Noise and Variability Over Time:
The temporal analysis shows a lot of variance in certain features like tempo and liveness. This noise could be due to random fluctuations in the dataset or genre shifts that were not fully addressed in the analysis. A more refined analysis could control for genre or other contextual factors to reduce noise and improve the reliability of the findings.
Data Collection:
Some methods can be developed to obtain the actual play counts for each track and how many people have saved them. Additionally, we can retrieve the genre tags for each track and analyze which features influence the popularity of tracks within specific genres, making the analysis more targeted.
Genre-Specific Analysis:
A genre-based comparison could shed light on whether the trends observed in the top 10% songs are genre-specific or universal. Some audio features, like instrumentalness or tempo, may have different influences depending on whether the song is pop, rock, hip-hop, electronic, etc.

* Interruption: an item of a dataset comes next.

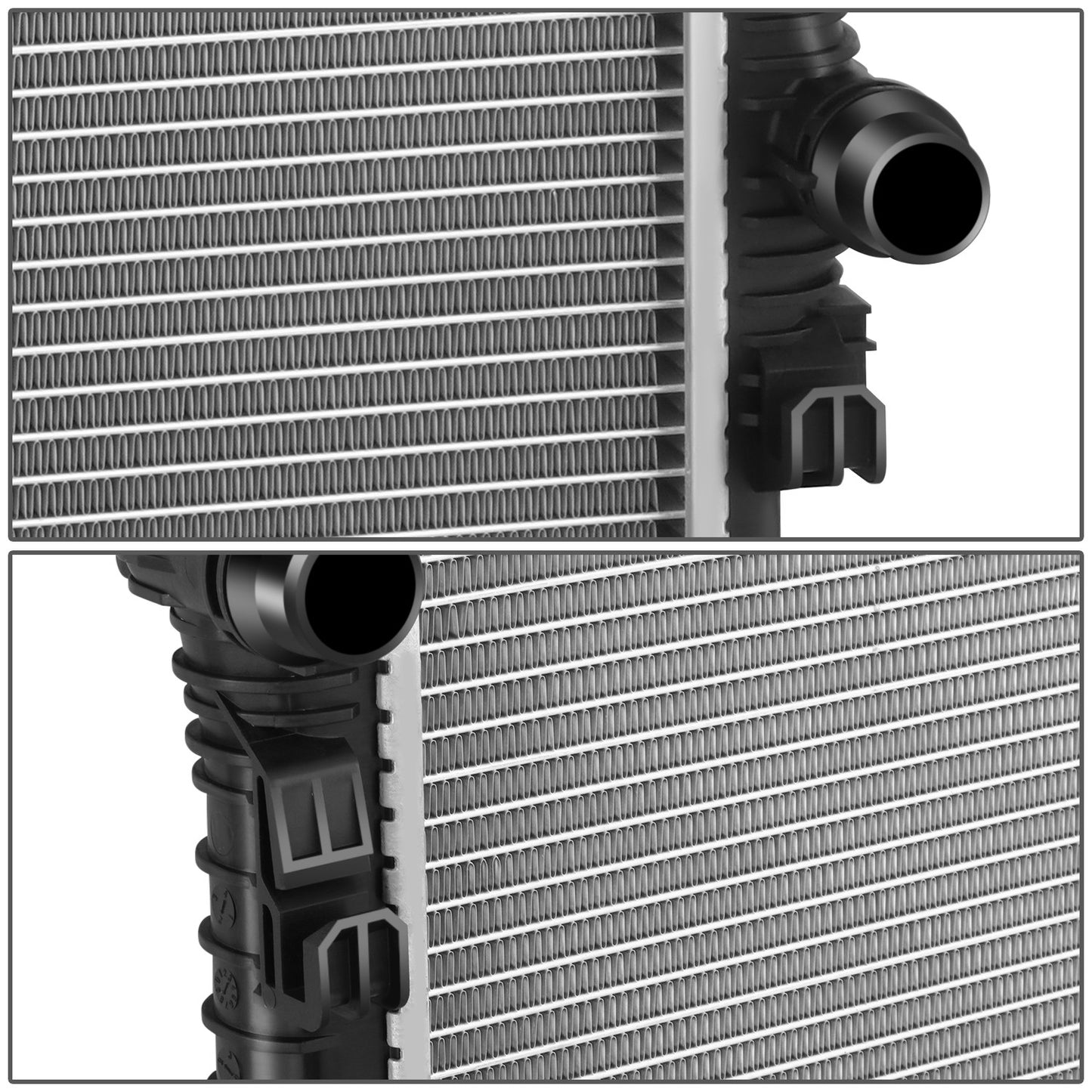 RADIADOR RADIATOR - OEM - 16-18 VOILKSWAGEN GOLF / GTI / TIGUAN 1.4L / 1.8 - DPI 13703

Splitting the data by genre and conducting genre-specific case studies could lead to more accurate insights.
Prediction and Coefficient Estimation:
If additional features, such as the total number of plays per track and recent plays, can be obtained through the Developer API or web scraping, a prediction task can be performed to develop machine learning models for predicting popularity scores. Alternatively, if all confounding variables (i.e., all covariates that influence the popularity score) are presented, unbiased estimation of the coefficients using causal inference methods can be applied to assess the actual impact of each feature on the popularity score.